### Problem
Directions for the data below: repeat exactly the lines from the one with "SUGIFT Lace Teepee" through the one with "Cruise ship boarding", both included, and omit all pictures.

### Exercise input
══════════

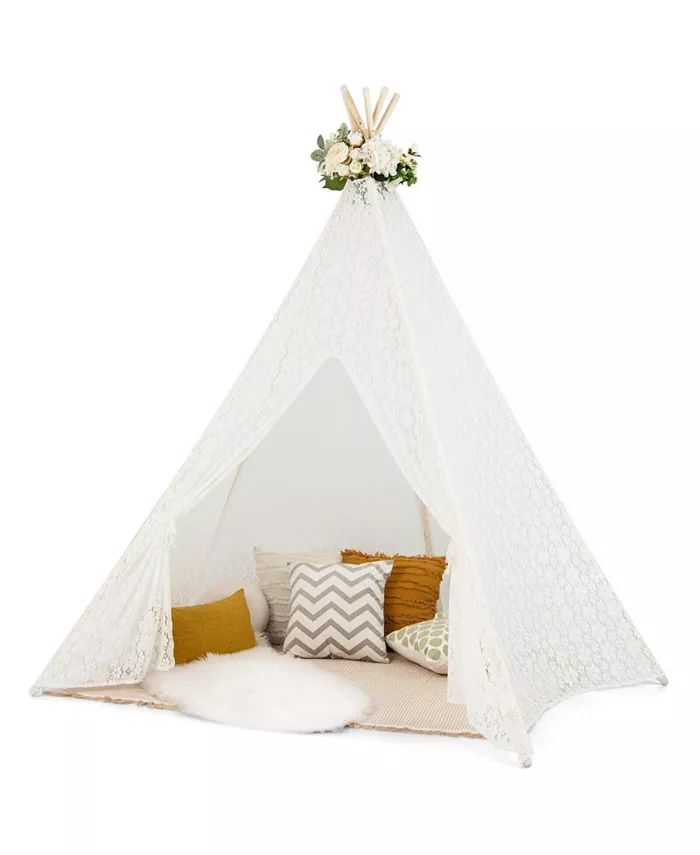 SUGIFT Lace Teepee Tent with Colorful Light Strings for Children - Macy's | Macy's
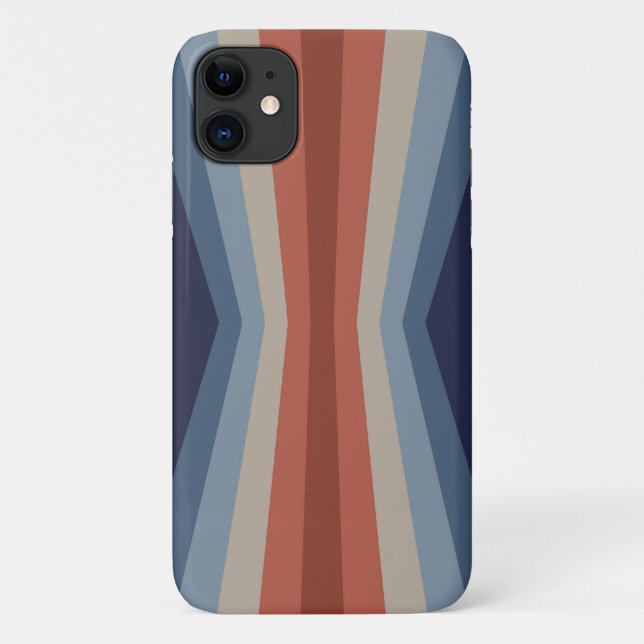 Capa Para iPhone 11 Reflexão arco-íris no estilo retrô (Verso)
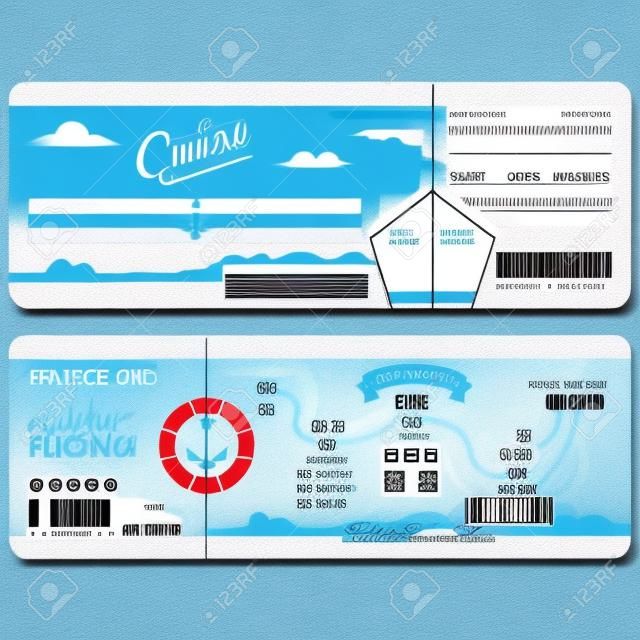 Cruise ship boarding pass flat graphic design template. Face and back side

══════════

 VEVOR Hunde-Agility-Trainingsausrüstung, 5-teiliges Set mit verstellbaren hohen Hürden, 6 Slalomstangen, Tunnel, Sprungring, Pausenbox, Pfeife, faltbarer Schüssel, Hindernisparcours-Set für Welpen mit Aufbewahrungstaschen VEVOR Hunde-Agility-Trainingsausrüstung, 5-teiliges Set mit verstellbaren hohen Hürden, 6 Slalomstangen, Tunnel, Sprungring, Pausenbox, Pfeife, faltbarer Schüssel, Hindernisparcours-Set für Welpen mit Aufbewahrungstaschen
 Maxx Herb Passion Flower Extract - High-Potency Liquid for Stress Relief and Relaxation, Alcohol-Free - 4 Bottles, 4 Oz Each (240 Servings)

══════════

### Response to this task
 SUGIFT Lace Teepee Tent with Colorful Light Strings for Children - Macy's | Macy's
 Capa Para iPhone 11 Reflexão arco-íris no estilo retrô (Verso)
 Cruise ship boarding pass flat graphic design template. Face and back side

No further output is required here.